Timothy Johnson wrote:
> Except that it will essentially create a new file.  Why did you want
> to avoid writing a new file?  As far as I know, you can't just
> "erase" data in the middle of a file.  That's just not how they work.
> Someone correct me if I'm wrong.  As far as I know, any program that
> does this rewrites the file. The only thing that is somewhat similar
> is that you can do a sysread and change part of a file, but I don't
> think you can remove part of a file without rewriting it. 

You are correct. The only way to remove data from the middle of a file is to
rewrite the remainder of the file starting from the point of removal. 

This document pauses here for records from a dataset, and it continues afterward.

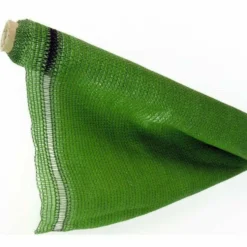 Rete ombreggiante di copertura Verde h1,5x10 metri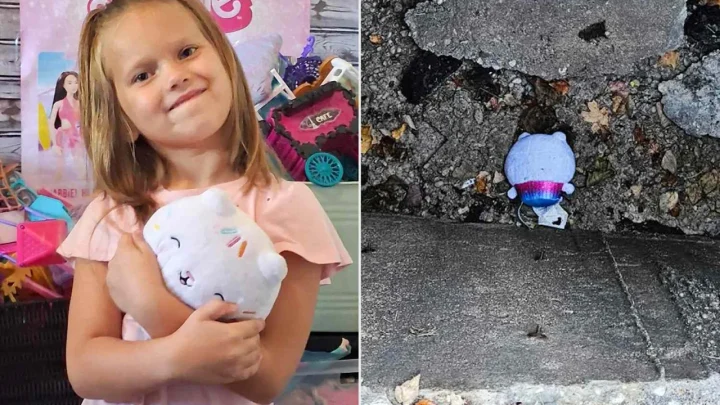 An Ohio Girl Lost Her Comfort Toy Down a Storm Drain—Then a City Worker Showed Up at Her Door 60 Minutes Later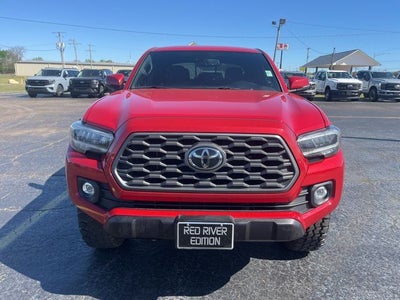 2021 Toyota Tacoma TRD Off Road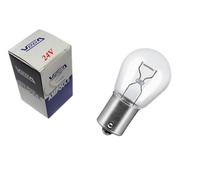 VEGA 10 ampoules P21W 1156 BA15S Maxi 24V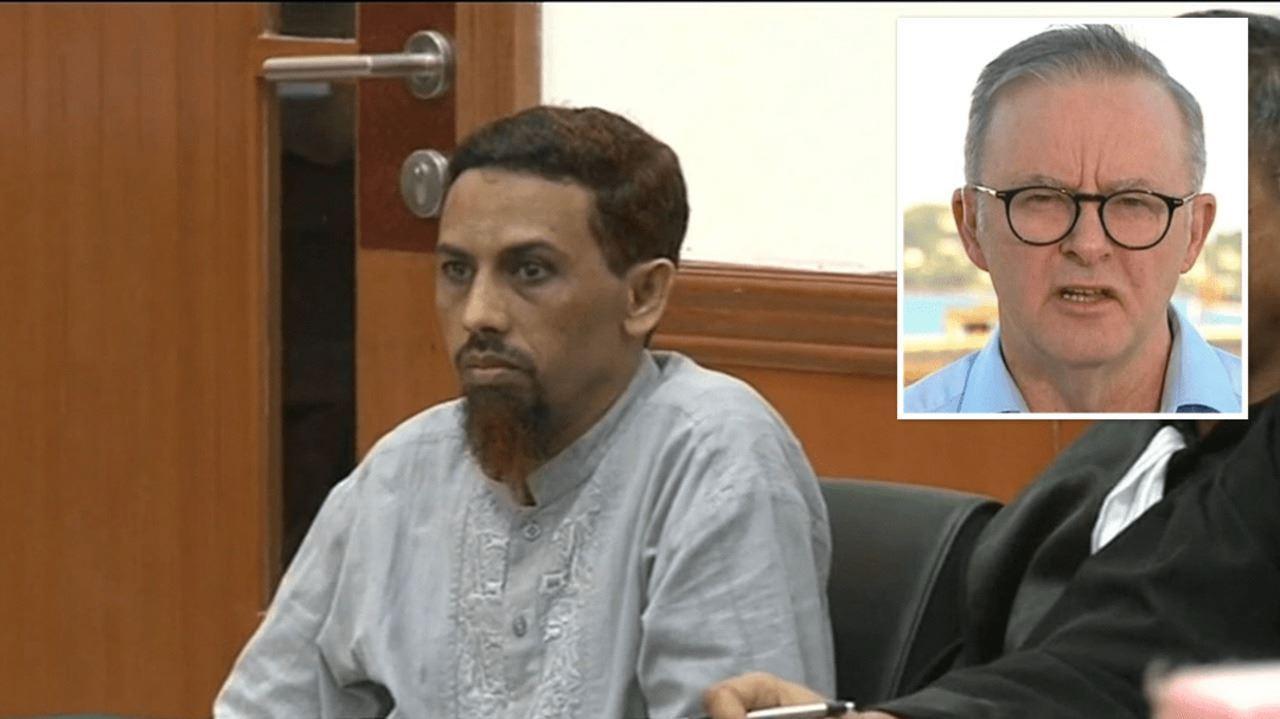 اعتراض نخست وزیر استرالیا به آزادی پیش از موعد عمر پاتک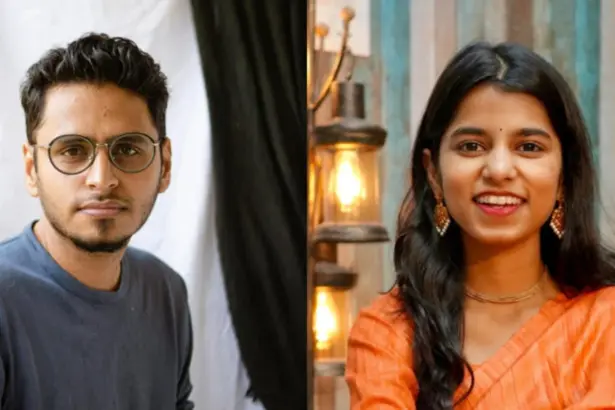 Hunterfly 2026 09 25 114545 Neeraj Pandey and Maithili Thakur Bihar safety remarks controversy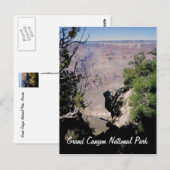 Grand Canyon National Park Briefkaart (Voorkant / Achterkant)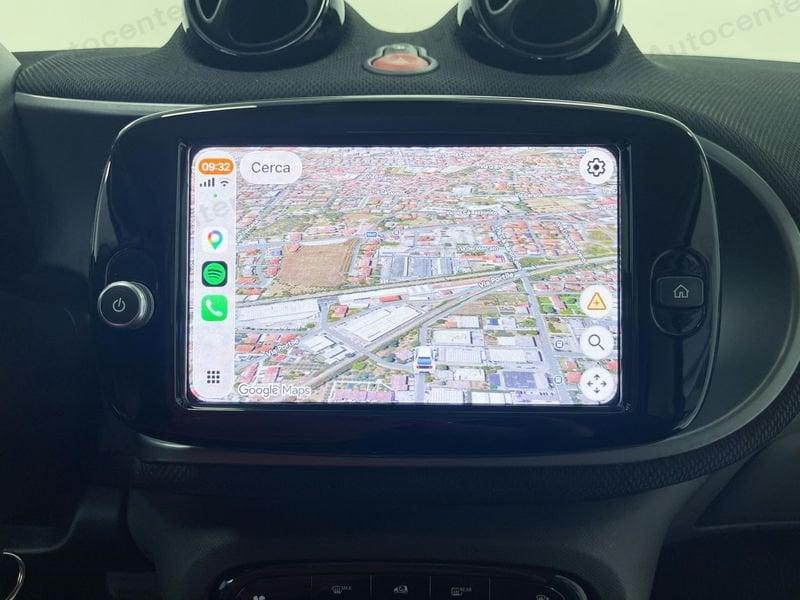 smart EQ Fortwo 60kW passion
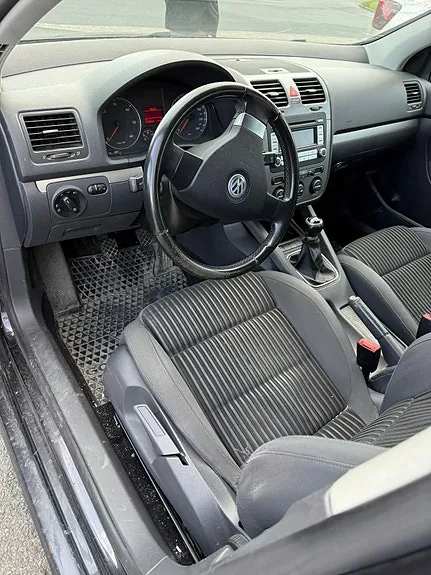 Volkswagen Golf V 2007 photo 3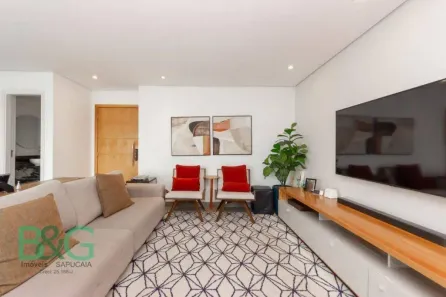 Apartamento com 2 Quartos à venda, 110m² no Bosque da Saúde, São Paulo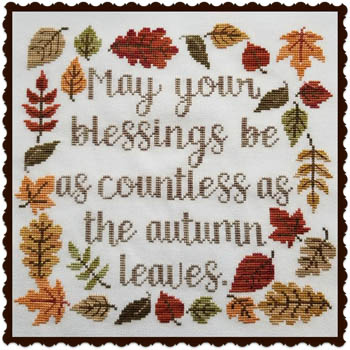 Autumn Blessing - Click Image to Close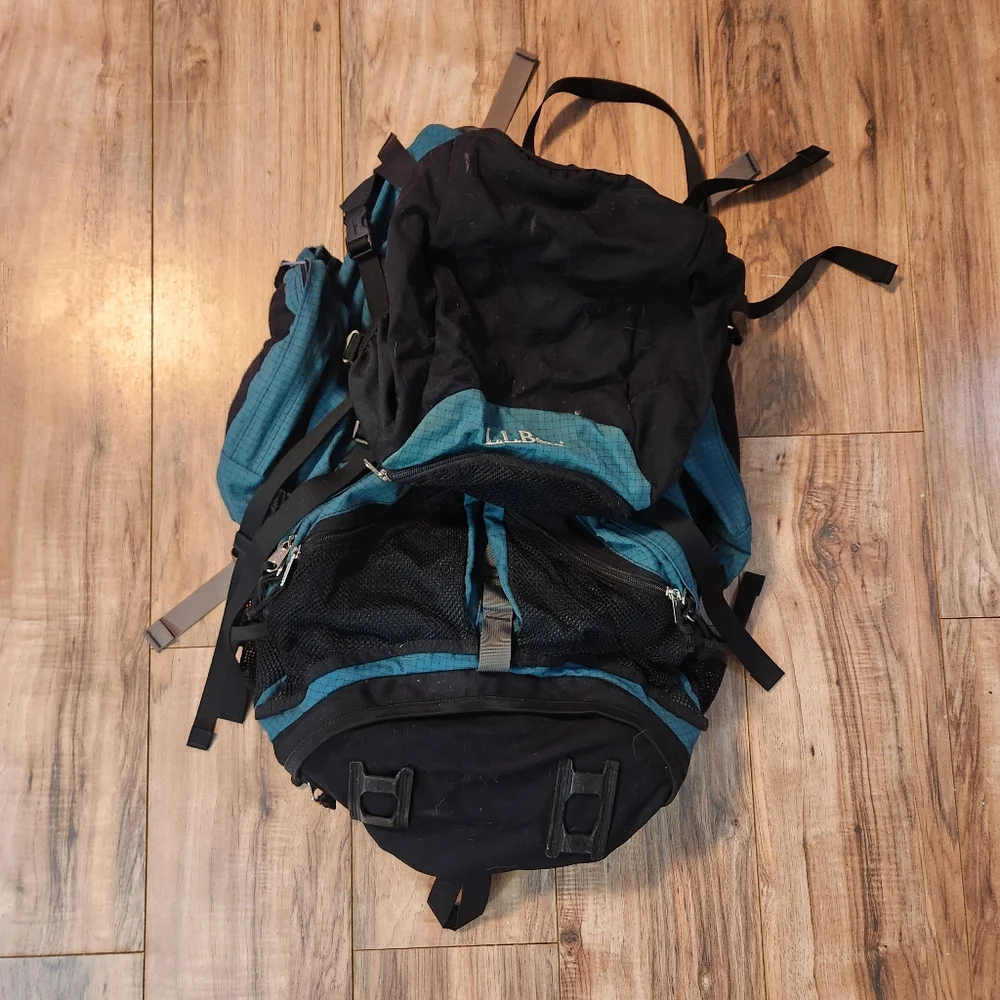 L.L. Bean vtg bean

You can remove the blank lines 'in-place' without writing to a second file
(which is what Perl's -i does), but you have to do some file pointer
manipulation. Here's an example:

    #!/usr/bin/perl

    use strict;
    use Fcntl qw(:seek);

    squeeze(shift @ARGV) while @ARGV;

    sub squeeze {
        my $fname = shift;

        open F, "+<$fname" or die "Couldn't open $fname: $!\n";
        my ($p1, $p2);
        $p1 = $p2 = tell(F);
        while (<F>) {
            $p2 = tell(F);
            next if /^$/;
            seek(F, $p1, SEEK_SET);
            print F $_;
            $p1 = tell(F);
            seek(F, $p2, SEEK_SET);
        }
        truncate(F, $p1);
        close(F);
    }

Frankly, the one-liner with perl -i is much preferred.